I decided that after lunch would be a good time for me to do it. No sense operating on an empty stomach, right? I also thought that would give me a good opportunity to go home, and pull out all my books and pictures on the hand, and specifically on the anatomy of the ulnar nerve in the wrist :)


After lunch, I got started. The person had somehow fallen while holding a sickle, and had a huge cut to her palm, extending into the wrist. It had severed several tendons, as well, but they had already fixed those (this was her 3rd trip to the OR). I started exploring where I thought the ulnar nerve should be, and found the end on the side of her wrist. It took me a lot longer to find the other end (on the side of her hand), but eventually I did...or at least, I thought I did...but why were there 2 things that both looked like cut ends of nerves? Hmm. From my review of anatomy, I knew that the ulnar nerve splits into superficial and deep branches right around there, so I figured I had found them both. And then on closer inspection, I realized that the end of the nerve I'd found on the wrist side actually split right at the end, so I could see where they both had to go. Fortunately they came together nicely without much tension, and so I did my best to repair them. It was my first time working with such a fine suture (8-0 nylon, for any of you surgical folks), and it was tricky, but the loupes sure helped. We also didn't really have the type of fine instruments you need to work with a suture that small. Well, we sort of did, but the needle driver didn't really grasp the needle well. So I alternated placing the stitch with the bigger needle driver, and then tying the knot with the tiny one.

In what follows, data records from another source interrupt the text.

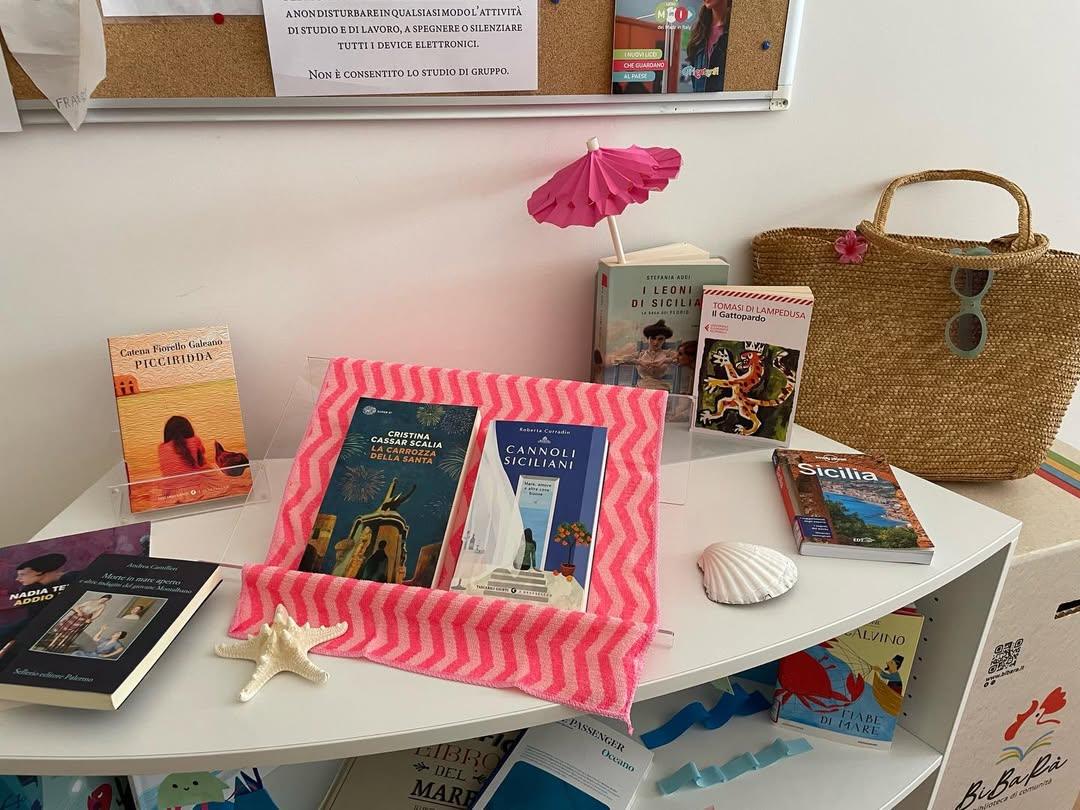 📍Dove si parte oggi? Facciamo tappa in SICILIA tra storia, tradizioni, paesaggi e sapori. In biblioteca puoi viaggiare...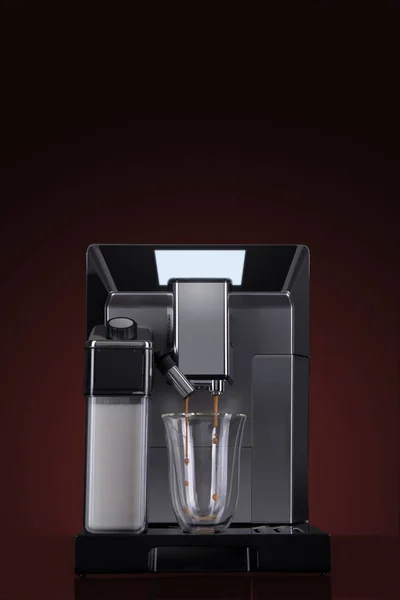 Koffiezetapparaat Met Vliegende Koffiebonen — Stockfoto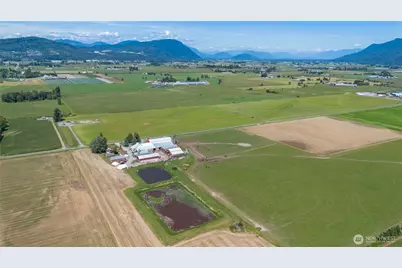 4927 Jones Road, Sumas, WA 98295 - Photo 31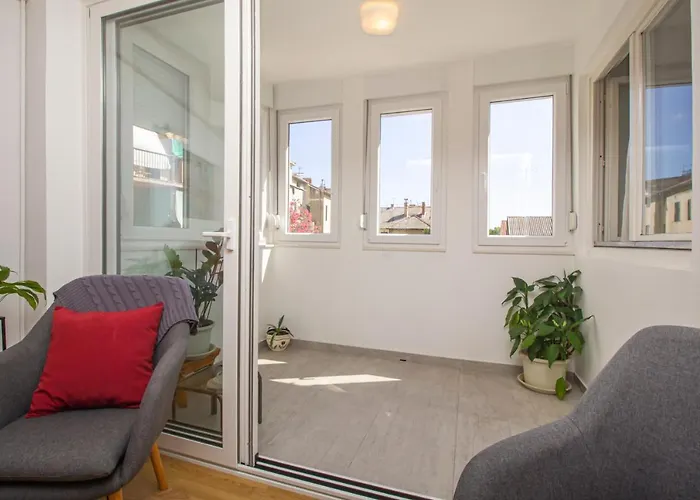La Maison Central דירה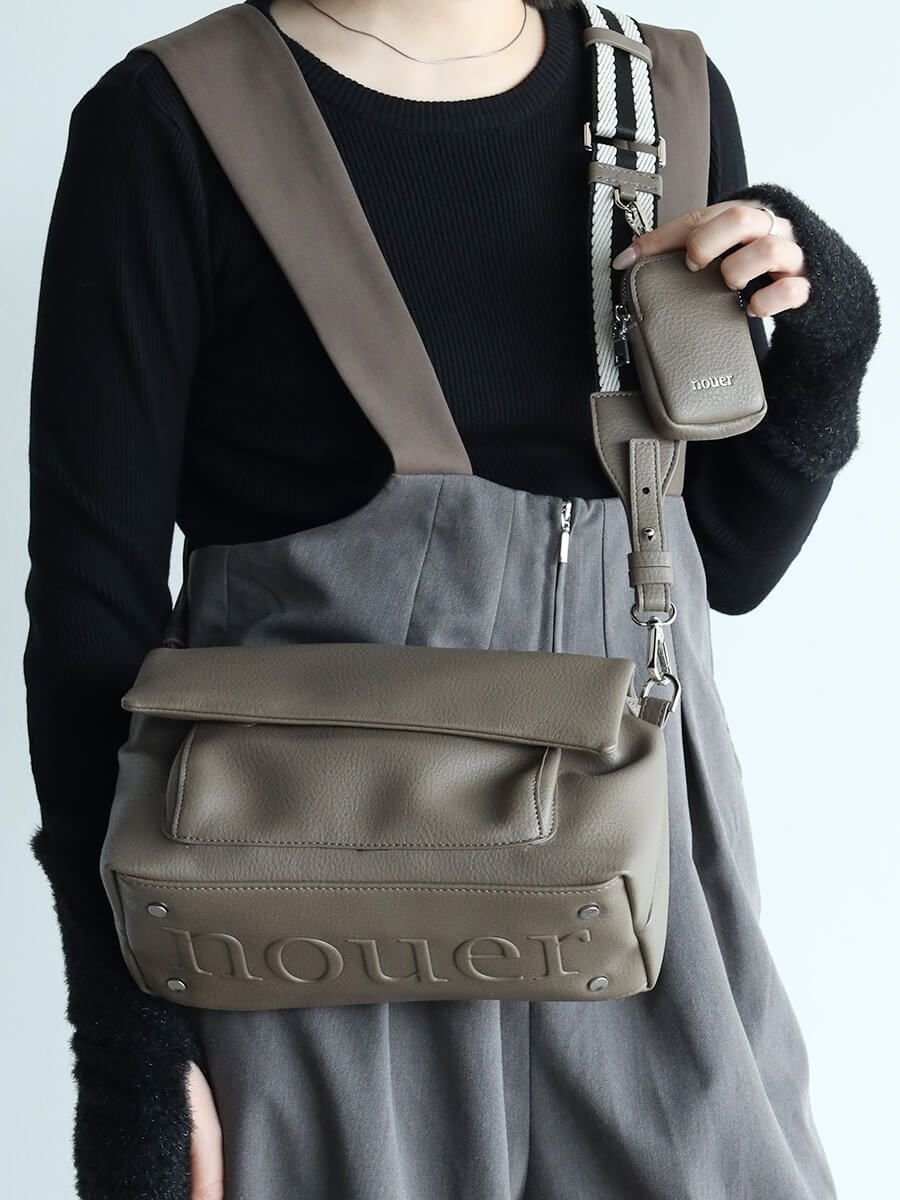 【ラシュッド/LASUD】のボトムエンボスロゴバッグ 人気、トレンドファッション・服の通販 founy(ファニー) 　ファッション　Fashion　レディースファッション　Fashion for Women　バッグ　Bags　ボトム　Bottoms, Lower Wear　ポーチ　Pouch, Small Case　今季　This Season, Current Season　 other-1|ID: prp329100004582147 ipo3291000000032623821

In the end, it looked pretty, anyways. Someone did take a photo, but not on my camera, so I can't show it off. It may be months before we know if it worked or not. Nerves take a long time to regenerate. As the orthopedic surgeon said, "We do our best...and trust God for the rest." Absolutely...and so I'm praying that this nerve heals.

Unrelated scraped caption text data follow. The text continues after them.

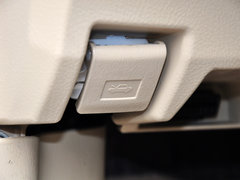 2014款 1.5L 手动 尊贵型
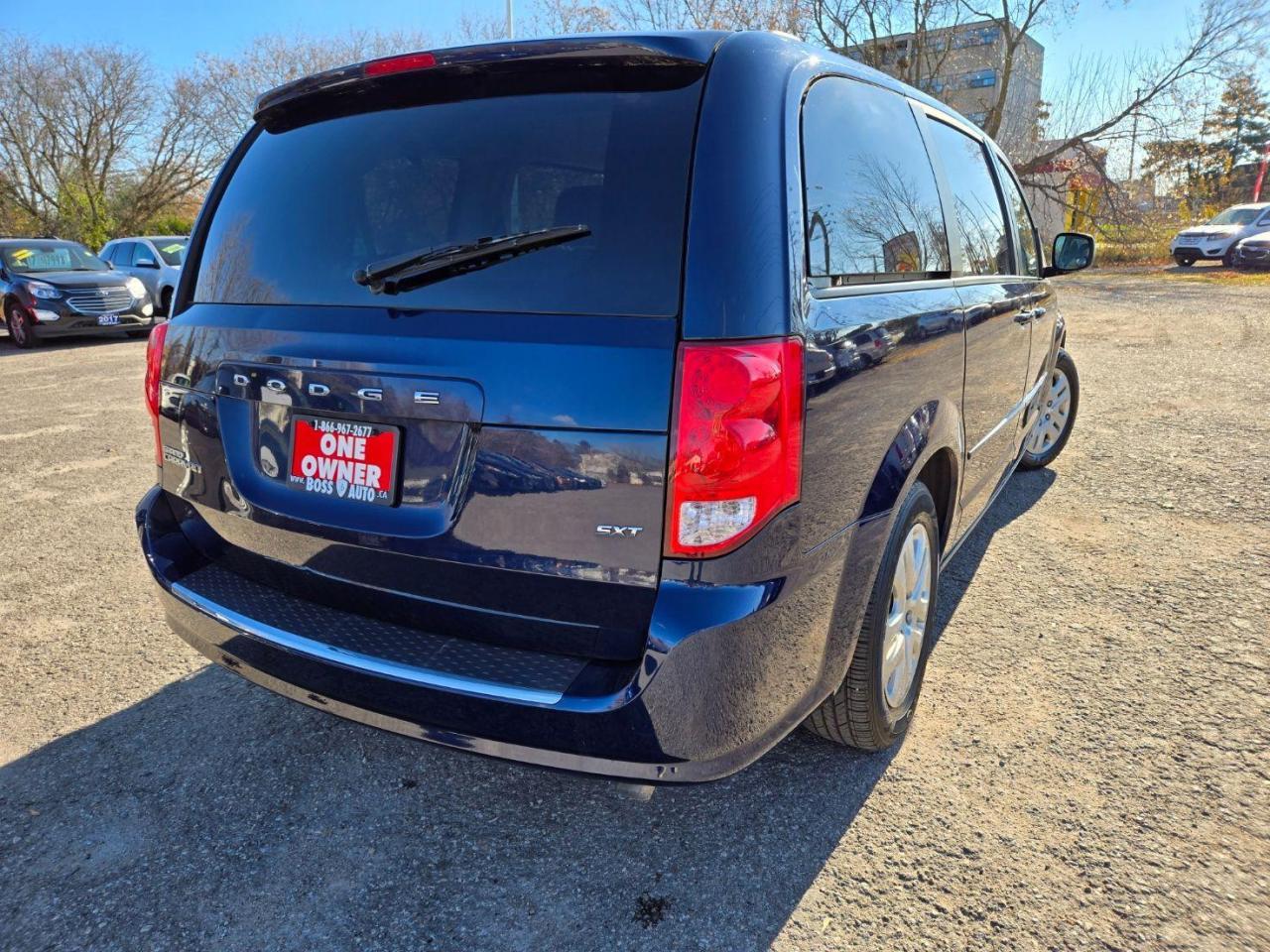 2017 Dodge Grand Caravan SXT Photo4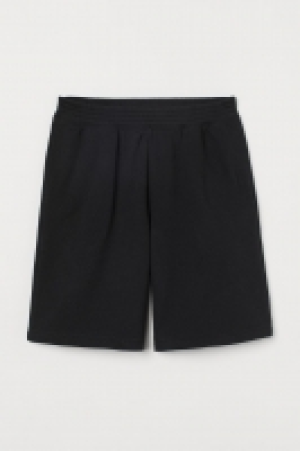 HM  Short ample en molleton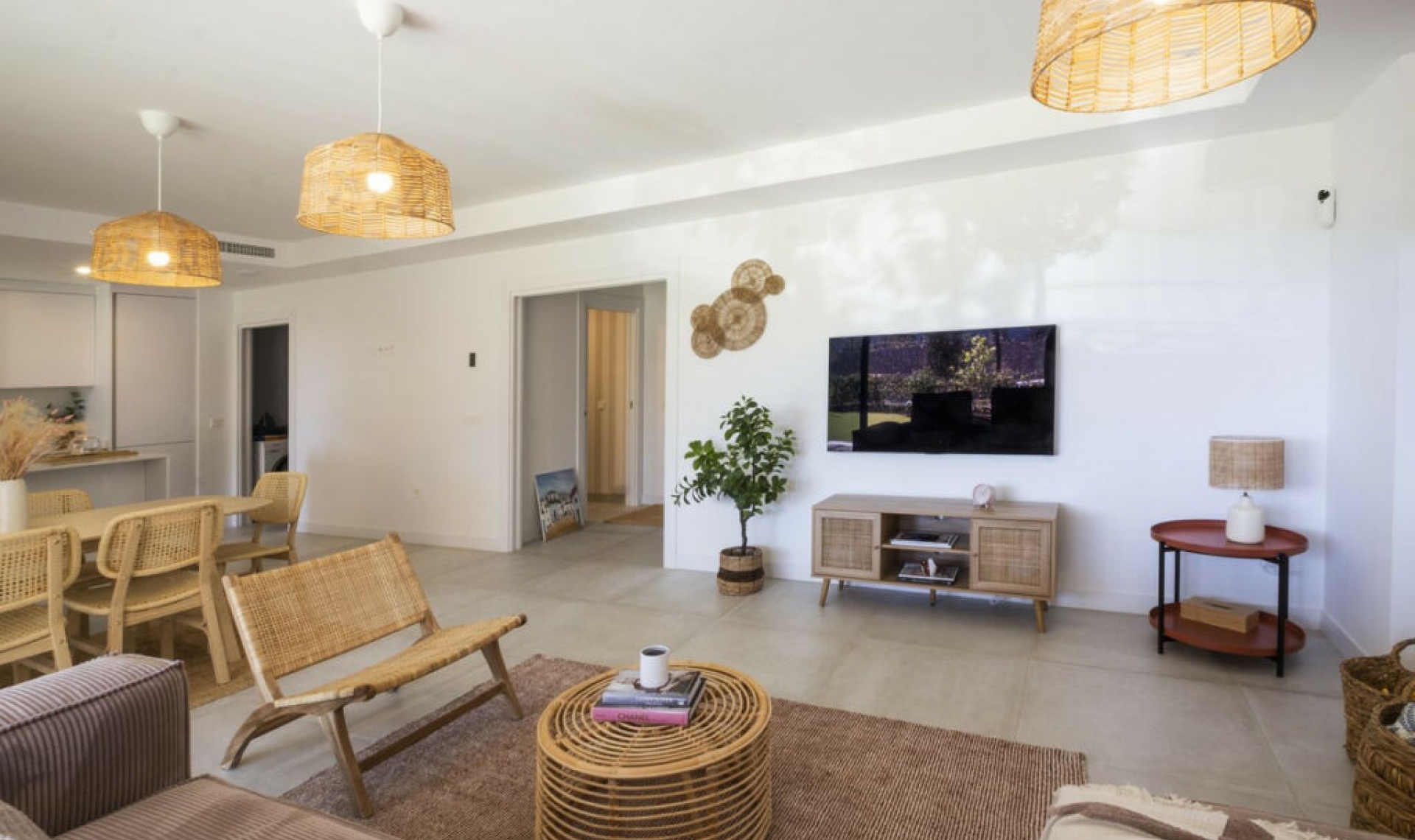 Resale - House -
El Chaparral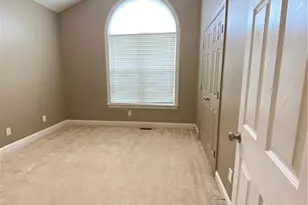 5806 Kessinger Ct, Hope Mills, NC 28348 - Photo 4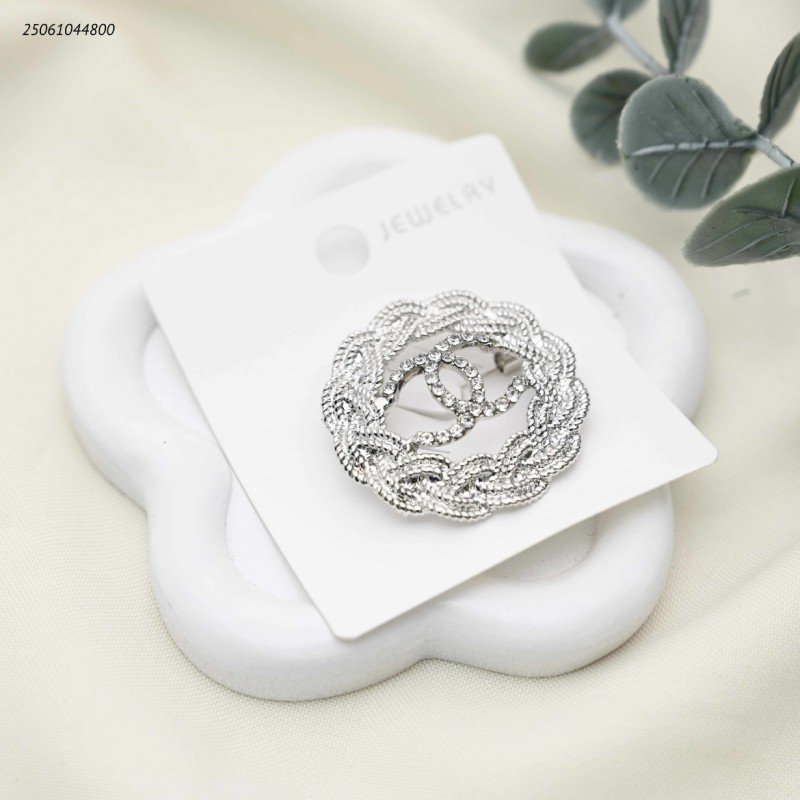 بروش شكل ماركة مع زركون لون فضي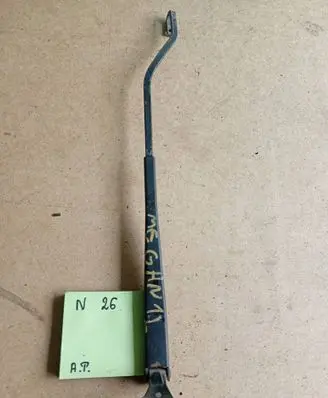 Renault Megane I Front wiper blade arm 8200021643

Then, because I'm apparently becoming the hand specialist here, along came another patient with a cut injury, also from a sickle (a VERY common injury around here), this time on the back of his hand. It had managed to cut right through the bone leading to his index finger (and it turned out it was in several pieces), as well as the 2 extensor tendons to that finger. I cleaned up the bone edges, and then worked for a long time to figure out how they go together...it was a puzzle, and it wasn't really obvious this time. Then I drilled a wire into the bone to hold the pieces in place as best as possible, and closed the tissue overtop. The bone part was the hardest part. The tendons were cleanly cut, and the repair wasn't too difficult.

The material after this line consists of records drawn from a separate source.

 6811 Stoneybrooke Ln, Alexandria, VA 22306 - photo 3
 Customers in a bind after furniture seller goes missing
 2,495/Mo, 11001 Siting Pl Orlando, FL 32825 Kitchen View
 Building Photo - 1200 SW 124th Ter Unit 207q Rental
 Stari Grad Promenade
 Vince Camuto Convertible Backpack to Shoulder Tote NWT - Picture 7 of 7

I was quite proud at the end of the day, because hand stuff is pretty complicated, and something I have very little experience with. So far I've done a few cases, but always with someone more experienced around helping me. Yesterday I was on my own, but I think it went okay. Though, as I say, we'll have to see what the long-term results are.

In other hospital news, there has been a run of cases of mushroom poisoning here. I actually read about it in the Kathmandu newspaper before I came back. It's now become quite a public thing, and the other day when 6 more patients with mushroom poisoning (all from the same village) came in, multiple people were there, including the press. It became a bit of a crowd control problem. So far, 4 have died (and 3 were young children all from the same family). The poison in these mushrooms is bad...it causes the patient's liver to fail, and there really is no antidote. I'm told that back in 2004 there was something like 40 cases of mushroom poisoning that came in during the monsoon season. Of those, maybe 13 died, which actually isn't even a high percentage (the books quote up to a 60% mortality rate from eating these mushrooms). Nasty!